I have to think about this but you still have 220-240V if you wire between both legs and a ground. I'd wire it up. Besides, you can use a 110V UPS and then use a 110V-220V tranformer. I've used them many times.

Also, I have used a large UPS that we wired in parallel more batteries in a separate storage compartment for longer run times. It works fine.


----------



## maple1 (Sep 22, 2012)

hartkem said:


> Looks good,
> 
> I went and ordered three 8' sections of the fin-tube. After looking at my boiler piping again it looks like everything will work out good. I can remove my pressure/temp gauge and add a tee on the supply side so I don't have to cut any copper. Now the question is since my 10x12 boiler shack has an open insulated loft, do I need to install the fin tube all the way up to the peak or can I just install it at the top of the walls which is only about 3 or 4 feet above the boiler. I would prefer not to put it up at the peak but I will if the wall height isn't enough.


 
I'd get it as high as possible - the higher it is, the better the flow will be through it. My old dump zone was some first floor fin-tube (quite a bit of it), so about maybe 4' above the top of the boiler. It didn't really flow the best, there were a couple of times when it was dumping and my boiler was still showing 220° and making those nerve wracking boiling noises inside. I'd then just manually open the second floor zone valves and things would cool right down.


----------



## kopeck (Sep 22, 2012)

steam man said:


> I have to think about this but you still have 220-240V if you wire between both legs and a ground. I'd wire it up. Besides, you can use a 110V UPS and then use a 110V-220V tranformer. I've used them many times.
> 
> Also, I have used a large UPS that we wired in parallel more batteries in a separate storage compartment for longer run times. It works fine.


 
I was thinking about it too, and I think it would work just fine if I used a 220 volt UPS, the only thing I would have to do is have the neutral wire(s) tied together out side of the UPS.  That is, the two hot legs (black and red) go into the UPS then come out and go into the boiler, the neutral wire just bypassed the UPS and are tied in together.

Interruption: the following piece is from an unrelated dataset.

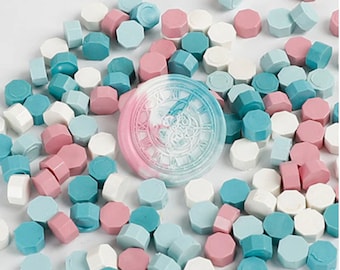 100 gránulos de cera en diferentes colores - Gránulos de cera para sellos de cera de colores en sobres, invitaciones, regalos...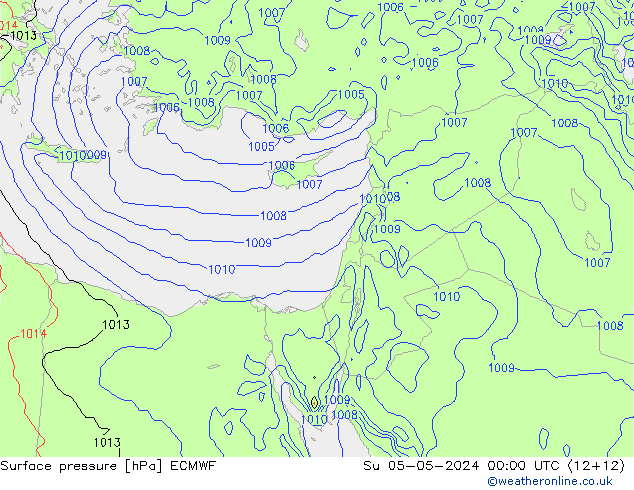 Surface pressure ECMWF Su 05.05.2024 00 UTC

The circulator I'm 99% sure is 110v but the controls that run is are 220v.  Those crazy Europeans. 

Really, the biggest reason I would like battery backup isn't over heating when the power goes out, I built an array that can take care of that, it's the fact that when the power comes back on you have to manually hit the reset switch to get the Tarm going again.  I had it smolder for the better part of a day once, it ended up making a bit of a mess.

K


----------



## Trex83 (Sep 26, 2012)

We are using a Compaq UPS 1500VA that outputs 120VAC. We changed the batteries that were dead in the UPS, bought two deep cycle batteries to replace the old ones. We just wired the batteries out of the UPS casing. We have close to 6 hours run time on them, never drained them yet to the ground (120 Ah on C20). We just had to pay for the batteries and the crimps...
The pump and control on the Biomass 60 runs on 120VAC.
Cheers,
Trex83


----------



## dogwood (Sep 26, 2012)

Trex83, what is the voltage on the deep cell cycle batteries you used?  I was wondering if the UPS stepped up 12v batteries to 120VAC.


----------



## kopeck (Sep 26, 2012)

dogwood said:


> Trex83, what is the voltage on the deep cell cycle batteries you used? I was wondering if the UPS stepped up 12v batteries to 120VAC.


 
Most UPSs use 6 or 12 volt batteries, most of the time in series (eg 4 6v = 24v).  Once you figure out what the operating voltage is for your UPS you could match it using plain old 6 or 12 volt deep cycles.

The only issue I could see is if you use a tiny UPS that not rated for the amperage your boiler would be pulling but that's just a doing your homework type thing.

K


----------



## JP11 (Sep 26, 2012)

kopeck said:


> Most UPSs use 6 or 12 volt batteries, most of the time in series (eg 4 6v = 24v). Once you figure out what the operating voltage is for your UPS you could match it using plain old 6 or 12 volt deep cycles.
> 
> The only issue I could see is if you use a tiny UPS that not rated for the amperage your boiler would be pulling but that's just a doing your homework type thing.
> 
> K


I have a smaller UPS that I'm replacing with one from my wife's machine.  So I have an unused 600watt one.  Should I plug the boiler into it?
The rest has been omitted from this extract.